## [SUPPLIED INFORMATION]
* * *

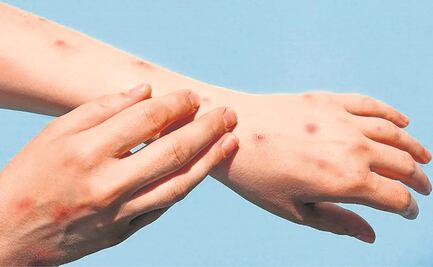 Piden no caer en pánico por viruela del mono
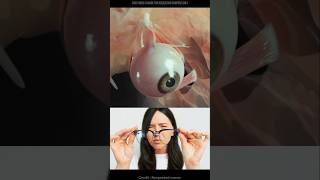 Lasik eye surgery shortsfeed [upl. by Llenwad]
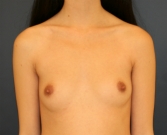 Feel Beautiful - Natural Breast Augmentation 6 - Before Photo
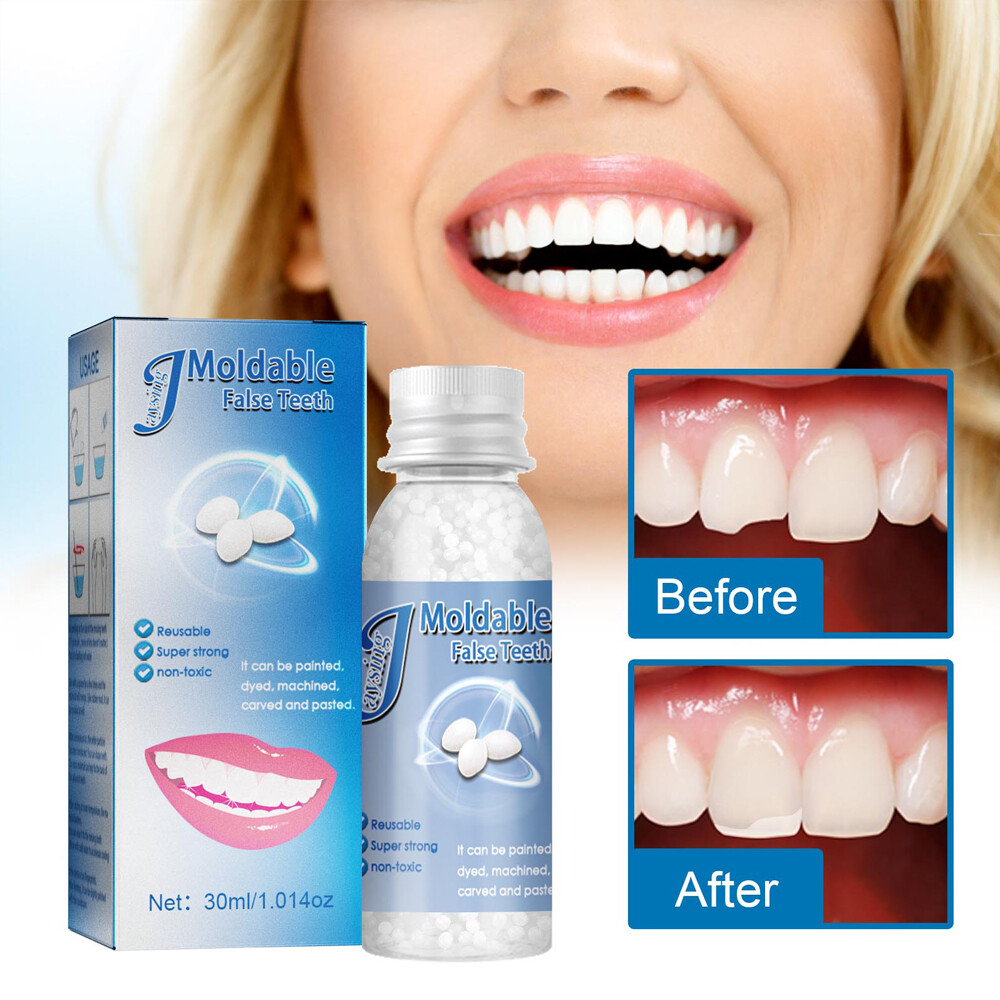 Resin False Teeth Solid Glue Temporary Tooth Repair Set Teeth And Gap Adhesive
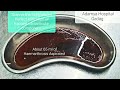 Minimally displaced fracture Medial condyle Tibia | Knee Aspiration & Cnsrvative treatment | Adamya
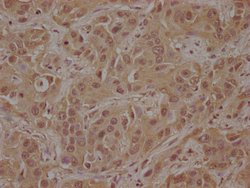 CSK Polyclonal Antibody:Antibodies, Polyclonal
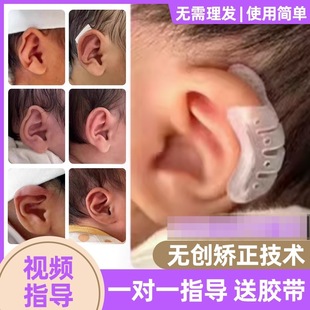 Baby auricle corrector baby ear corrector newborn ear deformity correction drop ear wind ear shaping fixation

* * *

## [PROBLEM TO SOLVE]
Except for the pictures, return every line of the material exactly.

## [EXERCISE ANSWER]
 Piden no caer en pánico por viruela del mono
 Lasik eye surgery shortsfeed [upl. by Llenwad]
 Feel Beautiful - Natural Breast Augmentation 6 - Before Photo
 Resin False Teeth Solid Glue Temporary Tooth Repair Set Teeth And Gap Adhesive
 Minimally displaced fracture Medial condyle Tibia | Knee Aspiration & Cnsrvative treatment | Adamya
 CSK Polyclonal Antibody:Antibodies, Polyclonal
 Baby auricle corrector baby ear corrector newborn ear deformity correction drop ear wind ear shaping fixation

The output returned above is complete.